• Task data
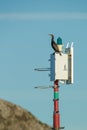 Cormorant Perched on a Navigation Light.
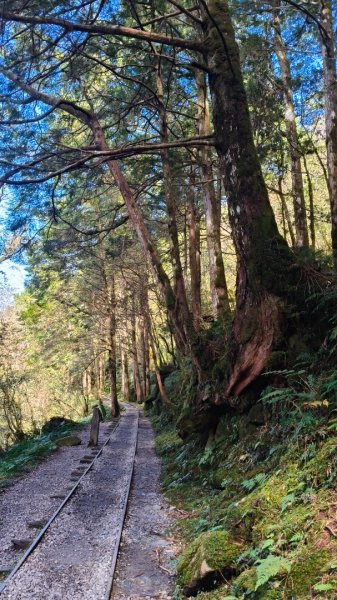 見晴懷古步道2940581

---

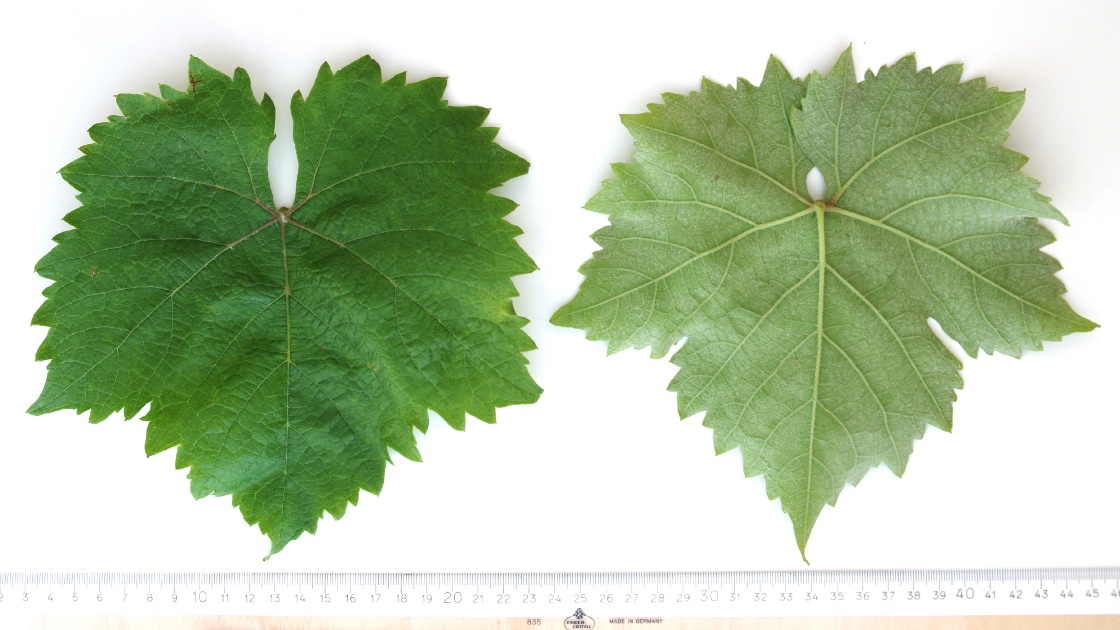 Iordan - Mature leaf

==

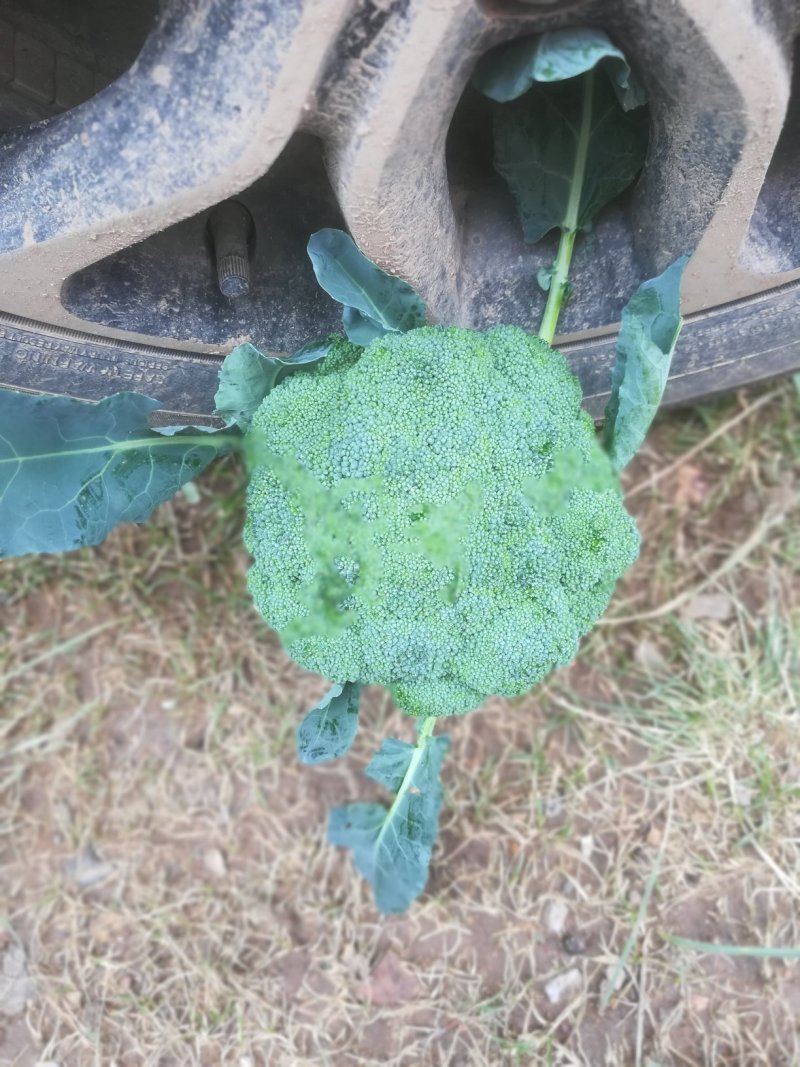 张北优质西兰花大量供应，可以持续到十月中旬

• Task instructions
Write out word for word the lines above that run from the one with "Cormorant Perched on a Navigation Light." to the one with "見晴懷古步道2940581". Include both end lines; exclude the images.

• Solution for this problem
 Cormorant Perched on a Navigation Light.
 見晴懷古步道2940581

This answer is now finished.